それなのに、聖女二日目の私に単独任務を任せるというのは非常事態だ。
「それは……皆さんがお忙しいということですか?」
「そうです。今やほとんどの神職者が中央区の件で出払ってしまっています」
中央区の件。それは神殿の末端で働く私の耳にも届いている程、大きな問題だ。
突発的に邪気が出現するという前代未聞の事態が起こっているらしい。神職者が浄化して回っているが、手が足りていない。
邪気を吸い込むと、生き物は気絶して数ヶ月は目覚めないと聞く。
王族や貴族の多くが暮らす中央区で邪気が蔓延するなど、あってはならないことだ。
「私も中央区での任務ですか?」
「いいえ、リアナにはセリニア地区へ行ってもらいます。……ここです」
机上の地図を指さされ、近づいてよく見ると、南方にある森が多い地区だった。
「セリニア地区……問題があるのはこの一番大きな泉ですか?」
「そうです。動物たちが逃げ出していると報告がありました。おそらく瘴気が出ているのでしょう」
森の奥深くにある泉は、時々瘴気を発することがある。普段人間が立ち入らないため、発見が遅れてしまうことも少なくない。
瘴気は邪気ほどではないが、吸い込むと体調を崩してしまう。動物が逃げ出すほどだとすれば、かなり濃い瘴気が発生しているのだろう。
「この泉の瘴気を放っておくと、いずれ邪気になってしまいます。どうかリアナの『聖なる力』で浄化をしてきてください」
「分かりました」
瘴気の浄化だけなら単独でも問題なさそうだ。
身体を巡る力は、かなり強いものだ。エドガーもついているし、大丈夫だろう。
「神官を三名程つけましょう。腕の立つ者達ですので、旅のお役に立つでしょう」
よし頑張るぞと気合を入れていると、神官長から予想外の提案をされた。
「お気遣いはありがたいのですが、それはお断りさせてください。中央区の件で人手が足りない今、この任務に人手を回す必要はありません。私一人で大丈夫です」
(人目が多ければ多いほど、エドガーと連携が取れなくなっちゃうもの)
神官長からすれば、聖女になったばかりの私一人に任せるのは不安だろう。だけど私にとってはチャンスだった。

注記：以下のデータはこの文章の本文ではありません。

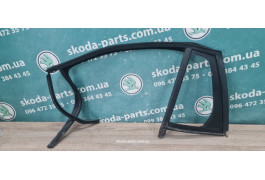 Ущільнювач скла дверей задній лівий комбі Skoda Fabia New 5J9845209 вживаний VAG (5J9845209)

この任務を一人でこなせたら、今後も一人で動けるかもしれない。そうすればエドガーに色々頼みやすくなる。
なんとかして神官長を説得したかった。
「もし何か問題が発生したらすぐに連絡します。逐一報告もいたします」
神官長はしばらく悩んでいたけれど、私の必死の訴えに根負けしたようだ。
「分かりました。リアナはしっかりしていますし、通常の新人聖女より大人ですから大丈夫でしょう。無事に戻ってくることを祈っていますよ」
「はい! お任せください」
私は心の中でガッツポーズをして、神官長の執務室を後にした。
「初任務ですよ、エドガー! 頑張りましょうね!」
「早速向かうか? セリニア地区なら瞬間移動ですぐだぞ」
エドガーは私よりウキウキしていた。もう行きたくてたまらないようだった。
「うーん瞬間移動か……そんなに遠くないですし、一分一秒を争うほどの緊急性がある訳ではないので……」
結構ですと言いたかったけれど、目に見えてエドガーがションボリしてる。
「や、やっぱりセリニア地区までお願いしようかしら。契約が上手く機能するかの確認も必要ですものね」
「おぉ、そうだな! じゃあさっさと準備するぞ!」
やる気を取り戻したエドガーは、なんだか可愛らしかった。
(エドガーって本当に邪神っぽくないわね。神っていうより普通の人間みたい)
私の背を押して準備を急かす邪神様は、少年のように無邪気だった。